Sur la légalité de la décision portant obligation de quitter le territoire français :
6. En premier lieu, il résulte de ce qui précède que le moyen tiré de ce que la décision obligeant M. B... à quitter le territoire français doit être annulée par voie de conséquence de l'annulation de la décision portant refus de titre de séjour qui lui a été opposée, ne peut qu'être écarté.
7. En second lieu, aux termes de l'article 8 de la convention européenne de sauvegarde des droits de l'homme et des libertés fondamentales : " 1. Toute personne a droit au respect de sa vie privée et familiale, de son domicile et de sa correspondance. / 2. Il ne peut y avoir ingérence d'une autorité publique dans l'exercice de ce droit que pour autant que cette ingérence est prévue par la loi et qu'elle constitue une mesure qui, dans une société démocratique, est nécessaire à la sécurité nationale, à la sûreté publique, au bien-être économique du pays, à la défense de l'ordre et à la prévention des infractions pénales, à la protection de la santé ou de la morale, ou à la protection des droits et libertés d'autrui. ".

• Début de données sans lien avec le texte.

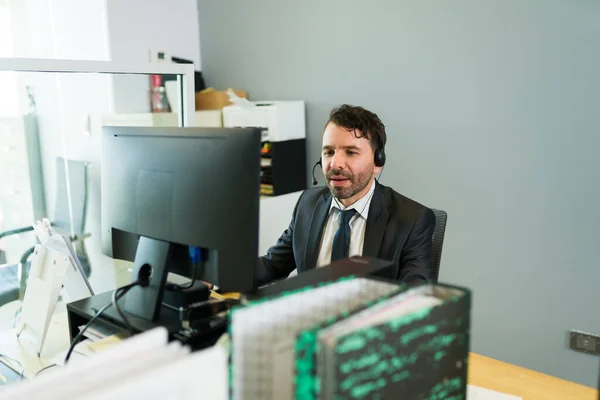 Rappresentante Vendita Ispanico Con Auricolare Che Guarda Computer Mentre Seduto — Foto Stock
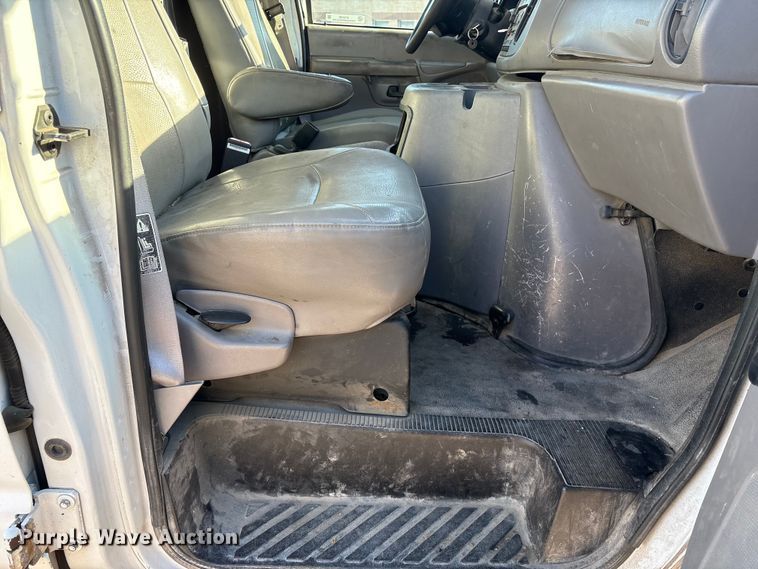 image for item ET4106 2002 Ford Econoline E350 van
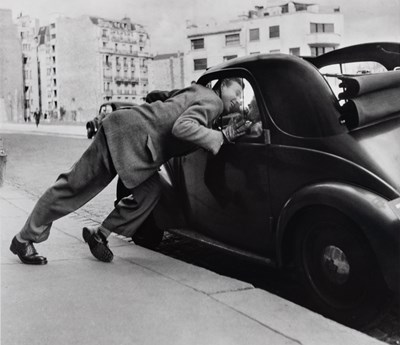 Lot 174 - Robert Doisneau, Courtoisie et Simca 5, 1945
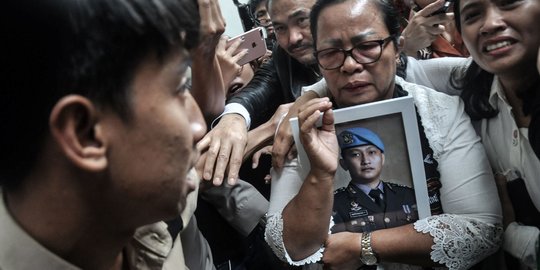 Ibu Rosti Simanjuntak Peluk Terus Foto Brigadir J Usai Ferdy Sambo Divonis Mati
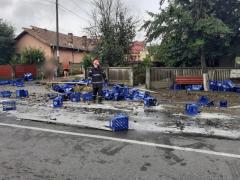 Zeci de lăzi cu bere au căzut dintr-un TIR, la Drăgăşani. O femeie a suferit răni la faţă şi la cap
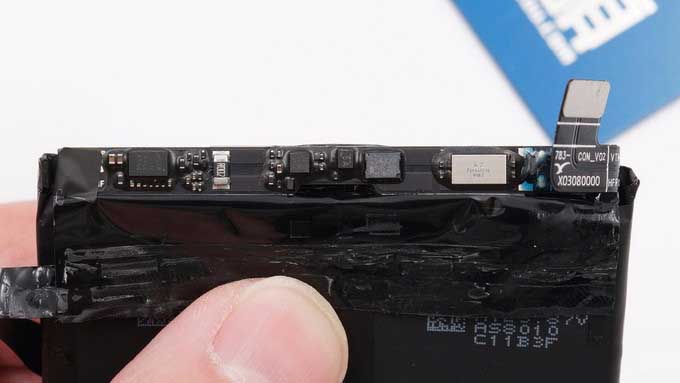 拆解报告:OPPO Ace2手机内置10W反向无线充电器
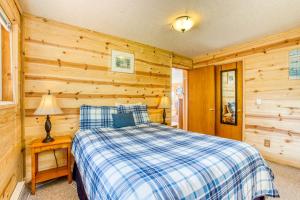 - une chambre avec un lit et un mur en bois dans l'établissement Casa Blanca del Mar, à Waldport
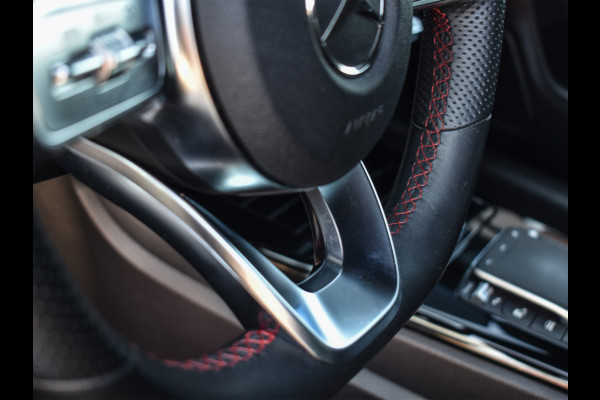 Mercedes-Benz CLA-Klasse 180 AMG Line | 45 UITVOERING | AMBIANCE VERLICHTING | CRUISE CONTROL | SPORTSTOELEN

8. Pour les mêmes motifs que ceux exposés au point 5, il y a lieu d'écarter le moyen tiré de ce que le préfet de la Seine-Saint-Denis en obligeant M. B... à quitter le territoire français dans un délai de trente jours, aurait porté une atteinte excessive à son droit à mener une vie privée et familiale normale. .
9. Il résulte de ce qui précède que M. B... n'est pas fondé à soutenir que c'est à tort que, par le jugement attaqué, le tribunal administratif de Montreuil a rejeté sa demande. Par voie de conséquence, sa requête et ses conclusions aux fins d'injonction et d'astreinte doivent également être rejetées.
DÉCIDE :
Article 1er : La requête de M. B... est rejetée.
Article 2 : Le présent arrêt sera notifié à M. A... B... et au ministre de l'intérieur et des outre-mer.
Copie en sera adressé au préfet de la Seine-Saint-Denis.
Délibéré après l'audience du 24 juin 2024, à laquelle siégeaient :
- Mme Bonifacj, présidente,
- M. Niollet, président-assesseur,
- Mme d'Argenlieu, première conseillère.
Rendu public par mise à disposition au greffe le 9 juillet 2024.
La rapporteure,
L. d'ARGENLIEU
La présidente,
J. BONIFACJ La greffière,
E. TORDO
La République mande et ordonne au ministre de l'intérieur et des outre-mer en ce qui le concerne ou à tous commissaires de justice à ce requis en ce qui concerne les voies de droit commun contre les parties privées, de pourvoir à l'exécution de la présente décision.